Interestingly, the relationships between growth space, dbh, number of trees, volumetric production, wood quality, health, stability of the trees, and natural regeneration are dynamic processes that change periodically, directly affected by the rate and intervals between cuts. Therefore, light and frequent interventions make it possible to reduce risks, maintain the stability and health of the trees, and reduce empty spaces. In this work, no considerations were made in this sense, which would make it theoretical and lengthy, since the heterogeneity and complexity of the forest, in its changing environmental aspects, require focus on the objectives established for the forest and require that a forester be aware of environmental, growth, and economic relationships.

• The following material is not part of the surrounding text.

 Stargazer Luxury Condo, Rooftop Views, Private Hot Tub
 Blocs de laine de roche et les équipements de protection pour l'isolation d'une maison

Thus, the described strategies must be considered as management guidelines, adaptable to the environment and the production objectives established for the location, observing the site’s capacity.
The greater growth space provided by cutting according to the maximum canopy size guideline reduces the number of trees remaining after cutting, with a consequent gain in tree size. Still, the lower density of trees will lead to a greater reduction in the total volume of wood.
Finally, the number of remaining trees will be greater if the average dimensions of the crowns are followed, generating fewer empty spaces on the land and a greater volume of wood produced. Thus, these guidelines do not oblige but indicate intervention possibilities that need to be evaluated for each tree, with considerations that transcend the available space, size, stability, and health of the tree. The selection of a specific guideline curve from Figure 3 and determining the appropriate time for its application are technical decisions that should be tailored to each forest environment, taking into account the established objectives. It is reasonable to expect that the optimal cutting intensity lies between the two guideline curves presented.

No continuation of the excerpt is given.